Write 3 CSV files, arkansas.csv, california.csv, michigan.csv -- one for each state's national parks/sites/etc, each of which has 5 columns:

- Name
- Location
- Type
- Address
- Description
- Remember to handle e.g commas and multi-line strings so that data for 1 field all ends up inside 1 spreadsheet cell when you open the CSV!
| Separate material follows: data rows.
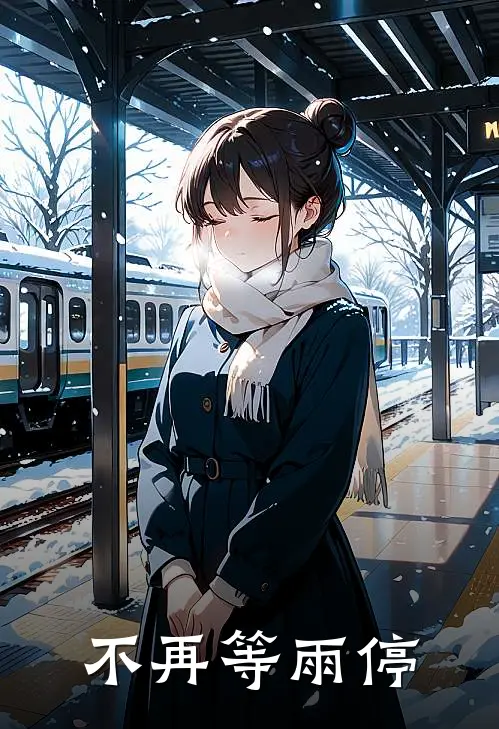 不再等雨停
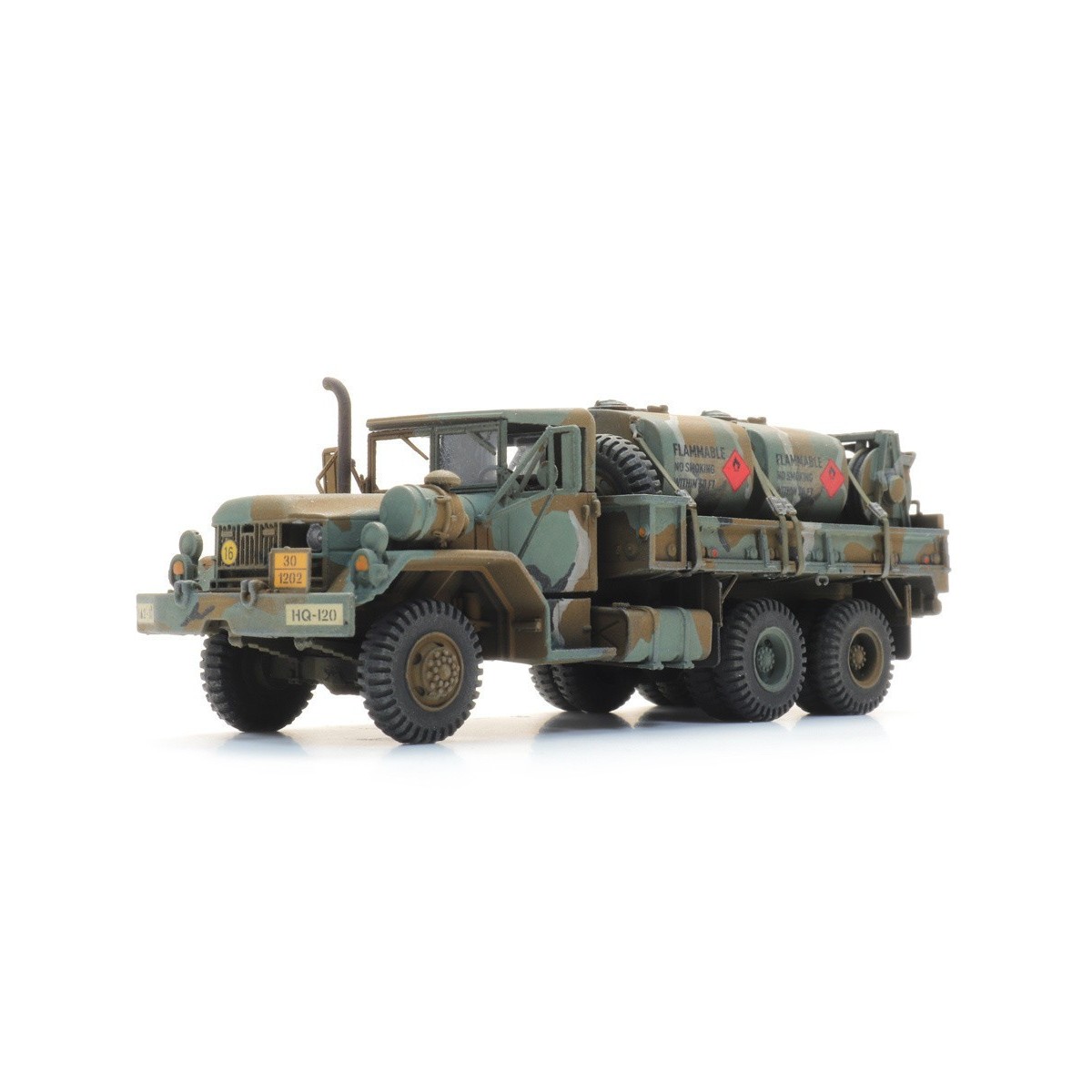 Artitec 1870201 US M813A1 Fuel Truck Kit - ARTI_1870201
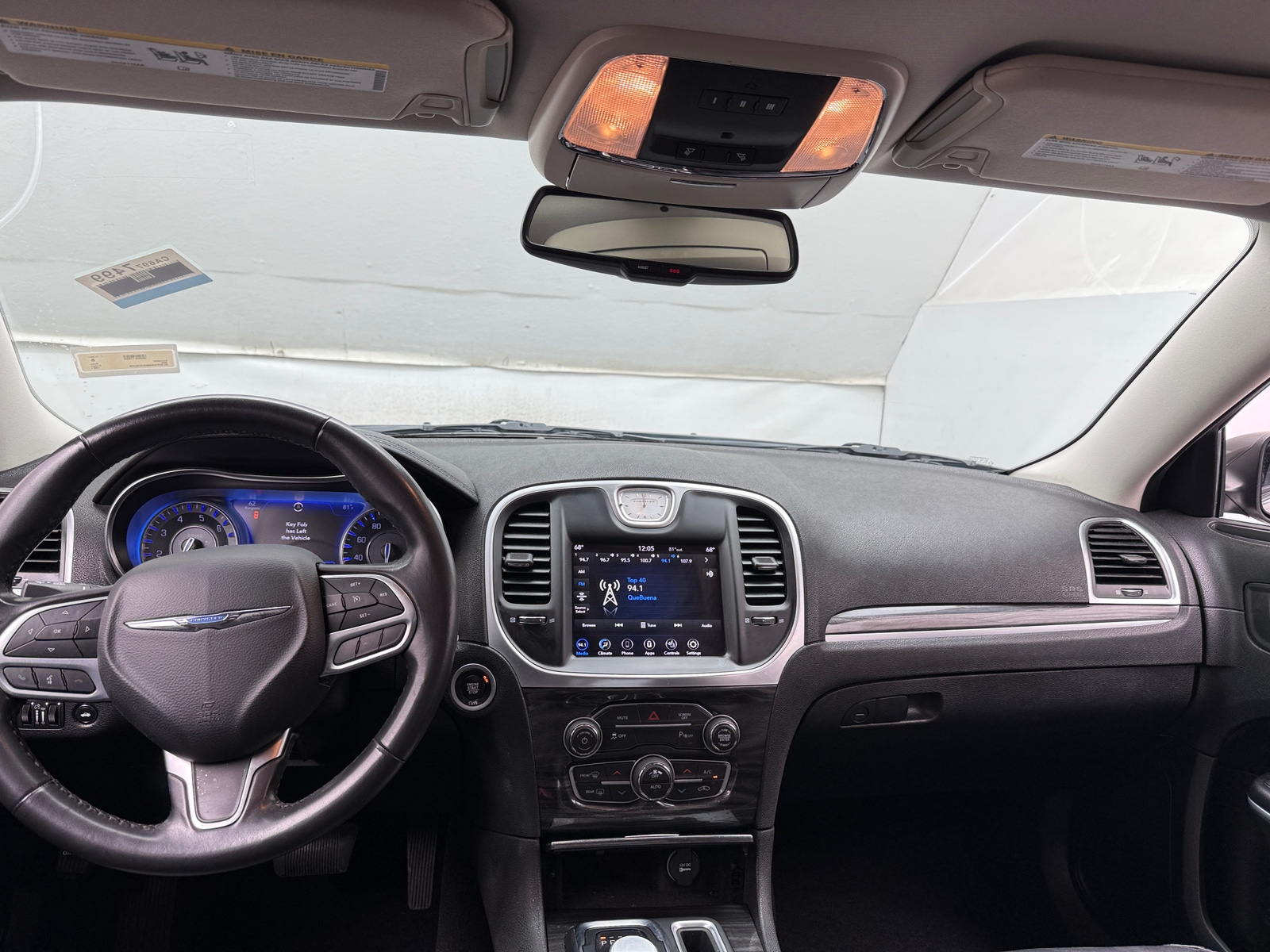 Thumbnail: 2021 Chrysler 300 - 2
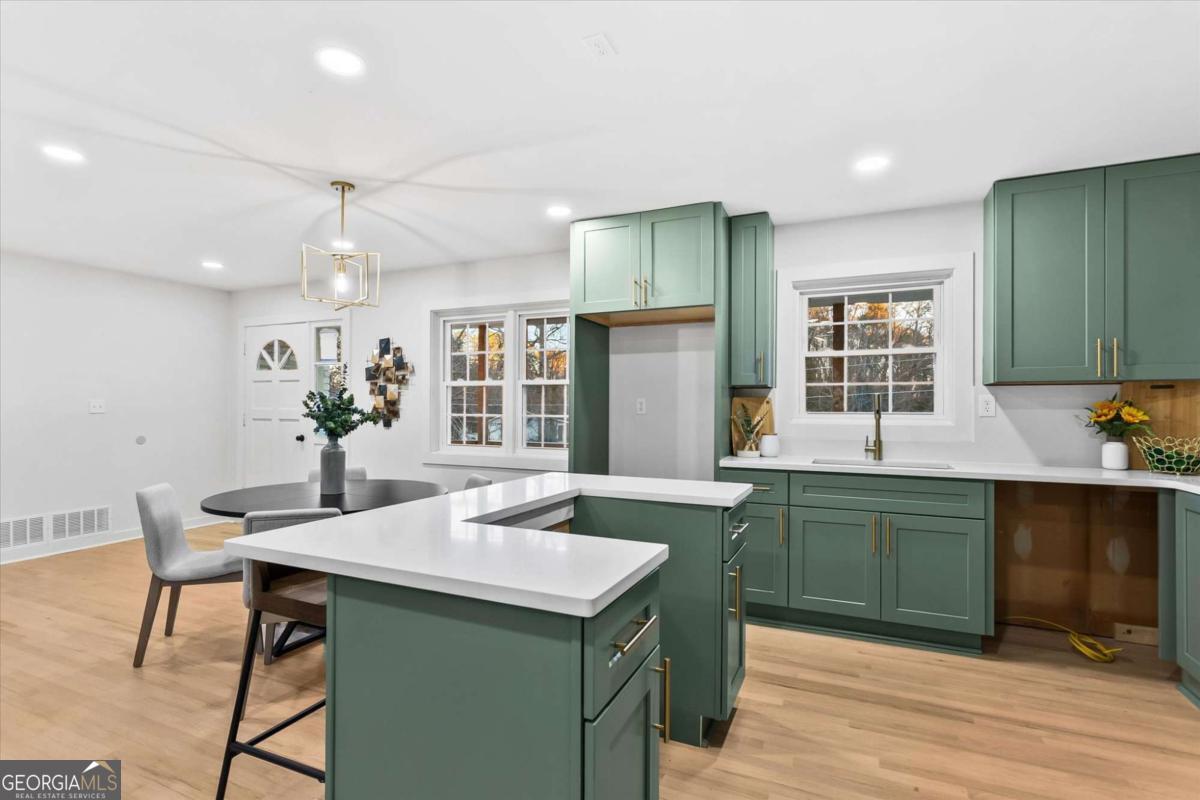 1891 Valley Ridge Drive SW Atlanta GA 30331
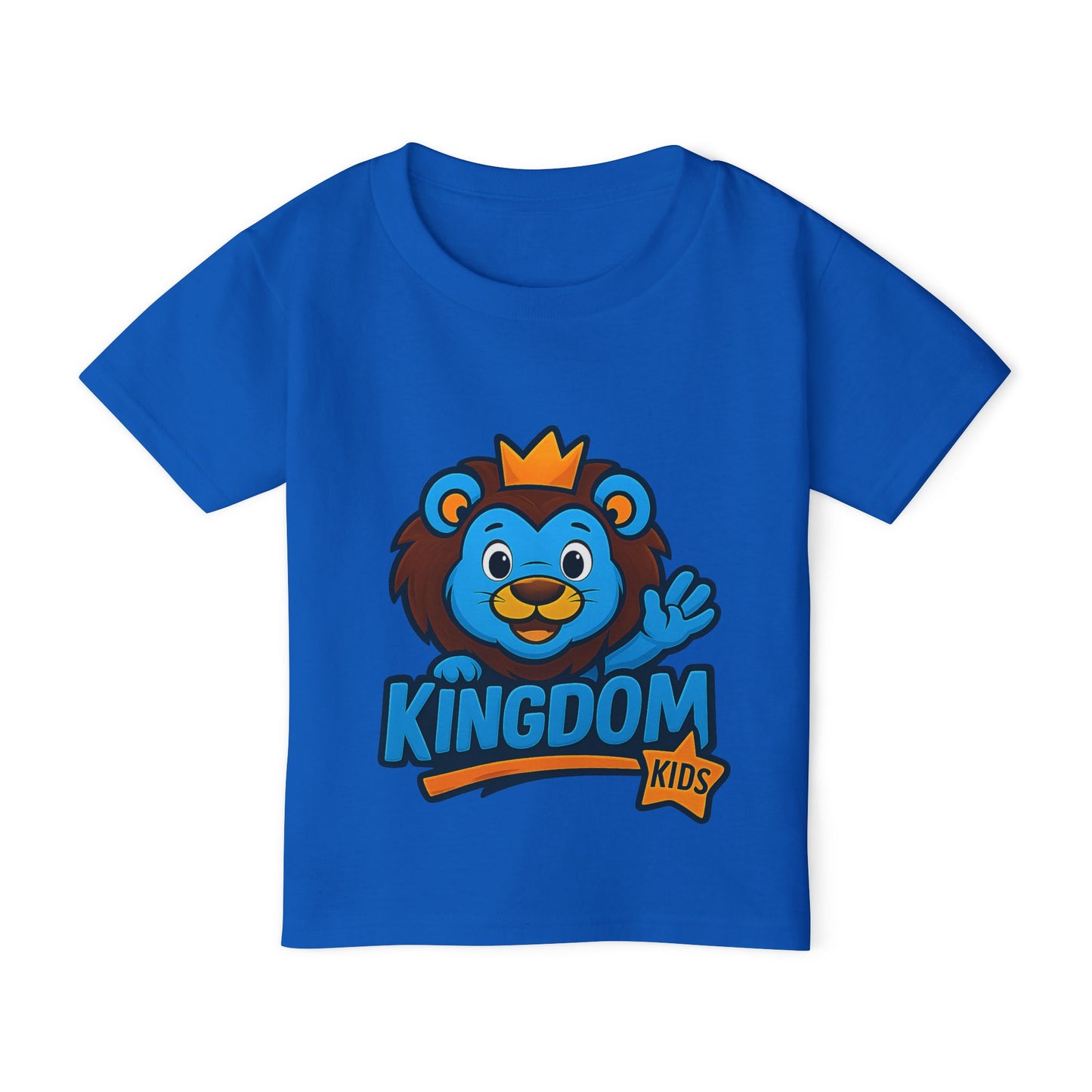 Judah the Lion 2T-6T
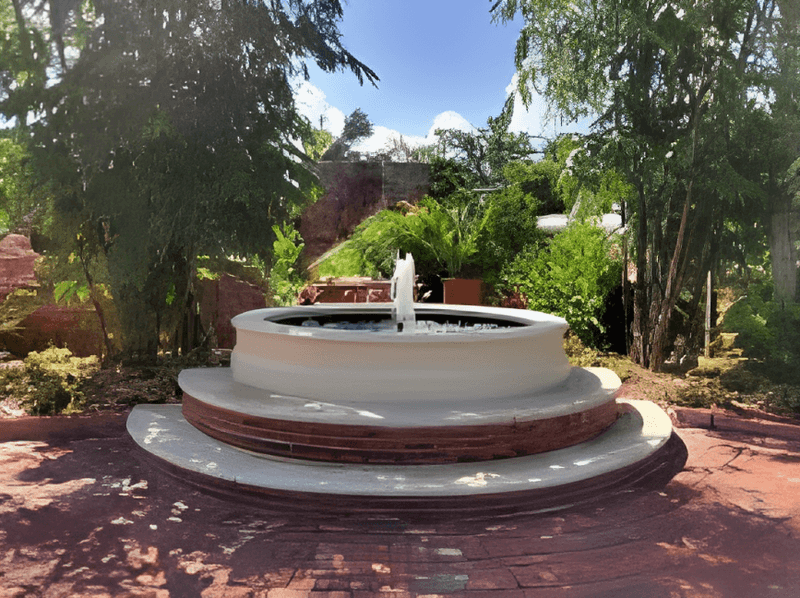 Visit Higgs Beach & the Key West Garden Club at West Martello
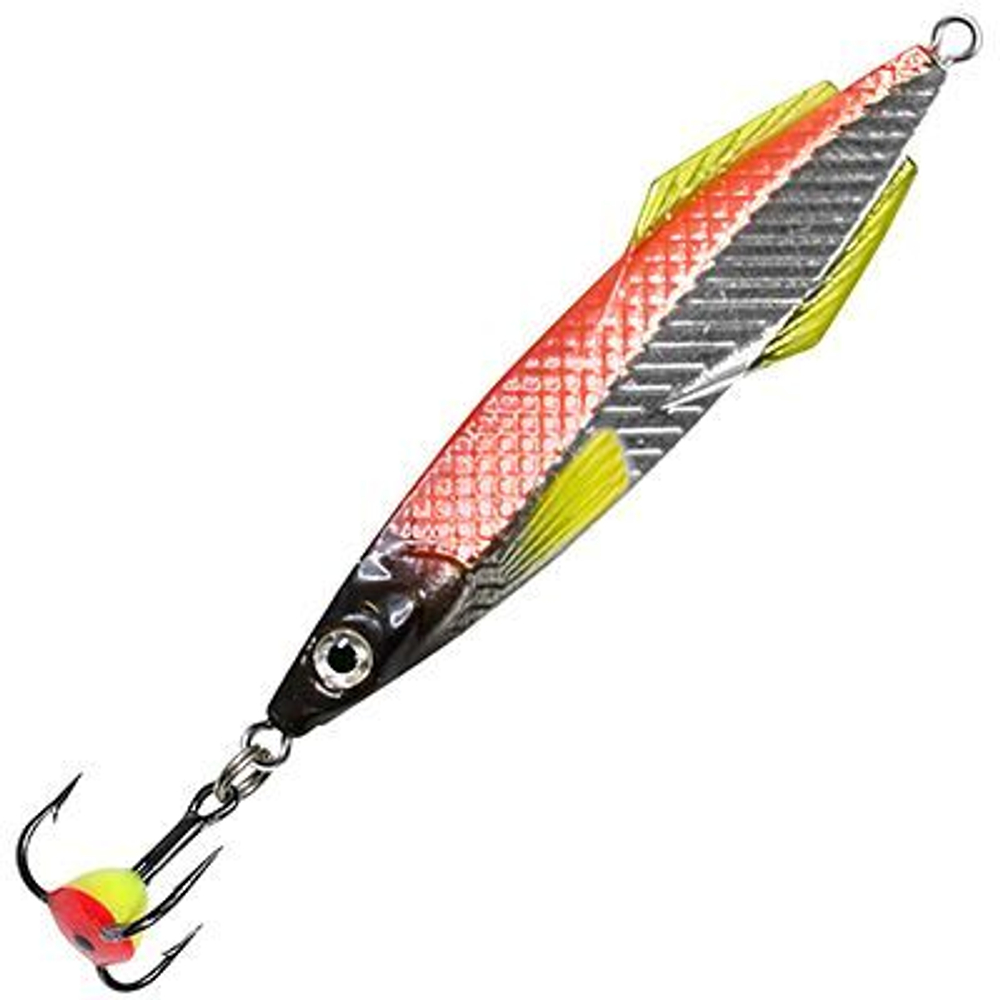 Блесна для рыбалки зимняя AQUA Стилет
For any park/site/monument/etc where a value is None, you should put the string "None" in the CSV file.

In [58]:
arkansas_natl_sites = [NationalSite(x) for x in ar_soup.find_all('li', class_='clearfix', id=True)]
california_natl_sites = [NationalSite(x) for x in ca_soup.find_all('li', class_='clearfix', id=True)]
michigan_natl_sites = [NationalSite(x) for x in mi_soup.find_all('li', class_='clearfix', id=True)]


NoneType

In [59]:
import csv

def write_to_csv(filename, site_list):
    with open(filename, 'w') as outfile:
        outwriter = csv.writer(outfile, delimiter=',')
        header = ["Name", "Location", "Type", "Address", "Description"]
        outwriter.writerow(header)

        for site in site_list:
            if site.type is None:
                typ = "None"
            else:
                typ = site.type
            row = [site.name, site.location, typ, site.get_mailing_address(), site.description]
            outwriter.writerow(row)


write_to_csv("arkansas.csv", arkansas_natl_sites)
write_to_csv("california.csv", california_natl_sites)
write_to_csv("michigan.csv", michigan_natl_sites)